Why we need more financing to achieve quality education for all
Focused on the most pressing issues that education faces today, the Global Education Meeting, ended with two main take-aways: the need to mobilize more resources to achieve SDG 4 and have major education funders align their financing behind strong education plans.
December 04, 2018 by Raphaelle Martinez, GPE Secretariat, and Michael Ward, OECD
4 minutes read
Girl sits on outside porch steps reading a book. Honduras.  Credit: GPE/Paul Martinez
Girl sits on outside porch steps reading a book. Honduras.

Credit: GPE/Paul Martinez

Yesterday, representatives from multilateral organizations, civil society, philanthropic foundations and the private sector gathered in Brussels for the Global Education Meeting (GEM) – a conference, convened by UNESCO, that focuses on the most pressing issues facing education today.  For the first time since the adoption of the Sustainable Development Goal for Education (SDG 4) in 2015, policy makers and education experts came together to take stock of the progress made towards achieving this goal, and the challenges that remain. Their discussions couldn’t come at a more critical time.

A learning crisis that needs to be fixed

The world today is facing a learning crisis, with more than 260 million children, adolescents and youth not in school, and 617 million (six out of ten) not being able to read a simple sentence or perform basic maths.

Yet education remains critically underfunded across the world.

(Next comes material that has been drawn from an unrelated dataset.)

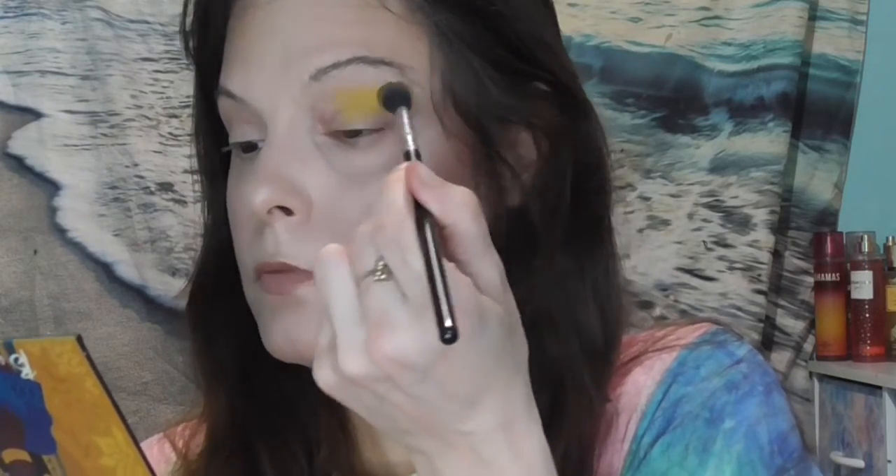Alright, so let's get started. I think I know what I'm going to do. I'm going to take the matte mustard yellow shade and put this in the crease. It's a very pretty color — really great. This whole palette is really great, I recommend their products. So it's just going to be hard to do this look.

If we are to achieve SDG 4, low- and lower-middle-income countries will need to close an annual funding gap of US$39 billion. It is therefore urgent to explore current trends in education financing, and to identify challenges and opportunities to invest in quality, equitable education.

Investment is key

This is exactly what we did in one GEM workshop, which focused on how to bridge the funding gap to achieve SDG 4. The workshop brought together representatives of the Global Partnership for Education and the OECD, as well as UNESCO colleagues and representatives from a wide range of countries: Bangladesh, Brazil, China, France, Kenya, Mongolia and Norway. Representatives from civil society and private foundations also participated in the workshop.

We discussed three key issues:

  • How to increase domestic resources for education without adding to the burden of poor households
  • How to increase international resources for education and improve aid delivery mechanisms
  • How to allocate and use resources for education more effectively to ensure equity.

The workshop opened with an overview of current trends in education financing, including the latest data on aid to education, and domestic resource mobilization and spending. We also explored which funding policies lead to better quality and equity in education. Participants recommended policy solutions to ensure that funding to achieve SDG 4 not only increases dramatically but is effectively allocated and targeted to reach countries and populations with the greatest needs.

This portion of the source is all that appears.